Yes, that’s kind of the basic thing my paintings do. Because I’m representing subjects that have to do with the body and with femininity, I’m drawing attention to implicit gendering.
Do you find that part of your work generally harder to talk about?
No. To me it’s really obvious, especially if you look at 20 years of work. They’re all related to femininity and representations of women. But on an even more basic level, I think the works have to do with the kind of desire that paintings generate, a kind of tactile/optic blend of seduction and attraction. To me, the works are about that. It’s very hard to separate that from a gendered way of seeing. But that’s not something I set out to explore when I started. I’m very analytical. I look at what I’ve done and I recognize it and I may want to pursue it further. But even at this point, when I choose what I’m going to paint, I’m not thinking about what it’s going to say.

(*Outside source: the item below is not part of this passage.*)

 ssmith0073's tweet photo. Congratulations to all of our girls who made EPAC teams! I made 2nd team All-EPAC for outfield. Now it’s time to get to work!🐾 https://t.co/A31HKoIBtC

Would you call yourself a formalist?
In some sense I am. I don’t want to say that once I choose the object, the work is predetermined, because I have many other choices to make. It makes a difference whether the ground is cropped this way or that way. But when I’m looking at a subject, I’m looking at it in formal terms. It’s almost like a readymade abstraction. Usually, I work a couple years on each series. That lets me fully explore the possibilities of an idea, so that within the parameters of the series, each painting does something different. It also means some of my basic decisions are predetermined. So generally, the question of subject matter is resolved. But the possibilities can be surprising. I’m now painting cropped fragments of vintage sequins jackets, dresses, tops, and from work to work, a direction emerges that leads me to something else.
To be clear, I didn’t mean formalist with any negative connotations. I think the word describes something specific, and your work seems to come from that tradition.
Daniel Weinberg, who used to represent me in L.A., told me that a lot of collectors he worked with over the years who only collected Minimalism or geometric abstraction would buy my work and it would be the first time they strayed from their formalist collection. And some people who are more inclined to figurative work or narrative work are very turned off by my painting.
Another thing you’ve acknowledged before is that there’s an absurd quality to your exercises of painstakingly painting furs and beads. It’s quite meticulous. How do you stay sane?
I do acknowledge that it’s ridiculous. That’s partly what makes it so interesting. But this very focused, daily painting routine is what keeps me sane. It requires a certain kind of temperament and patience. It’s not mechanical. It’s not a repetitive process. I paint from life. I’m looking at the actual object very closely and very carefully. I’m focusing my attention on each individual bead or sequin or strand of fur. I’m actually painting a particular sequin, the way it tilts or recedes, the way it catches the light. The same is true of the fur. I don’t generalize. This requires a very intense focus.
You suggested earlier that your paintings conflate erotic and pictorial desire, which is a very specific combination. Are there other conflations you see at work?
I love this question because it recognizes that my work hinges on the conflation of a number of things. We can talk about the conflation of the visual and the tactile; of image and object; of the represented surface versus the surface of the painting. But it’s more than just a conflation. It’s a kind of confusion that hopefully destabilizes some ways of seeing. The evocation of tactility in my work is heightened to such an extreme extent that sight and touch are indistinguishable. I like the word confusion to describe that because things get fused—fused and confused. The experience of my work has so much to do with these different combinations and confusions. I think that’s what gives the paintings their power.